Federal Judge Benita Pearson has ruled that 28 workers employed at the General Motors Lordstown, Ohio assembly plant — which builds the Chevrolet Cruze — may continue their lawsuit against both GM and the United Auto Workers, along with UAW Local 1112. Allegations consiste of the workers being wrongly classified as temporary employees, claiming they were wrongly terminated in April 2007, before being rehired six months after the fact.

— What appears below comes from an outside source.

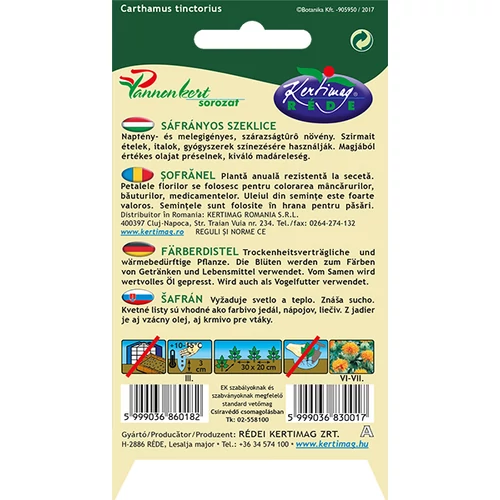 Kép 2/2 - SÁFRÁNYOS SZEKLICE - Rédei Kertimag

The dicey part is that the workers claim to have been paid the same wages as permanent employees with seniority when they were rehired. While it’s not immediately clear, it’s easy to assume that this means their pay may have equated to that of a Tier 1 UAW worker. Not long after, the 28 workers claim they were forced to accept being reclassified under temporary worker status, and thereby having to take a 40 percent slash in wages, or be terminated again. What’s more, the workers state that there was a separate group of 22 temporary workers that were hired during the same time period and were able to earn and keep permanent status, wages, and benefits.
As a result, the 28 employees are suing for around $3-4 million in back-pay, as well as restoration of their permanent senior work status. They claim that the pay change violated the UAW’s collective bargaining agreement at the time, and that the union refused to file a grievance on their behalf.
The suit was originally filed in April 2012, with court documents showing that both GM and the UAW denied the allegations. Autoblog writes that GM reportedly hasn’t commented on the matter, but the UAW claims that the 28 employees didn’t fully exhaust their means of internal resolution, and that the case had been filed after the end of the statute of limitations had run out.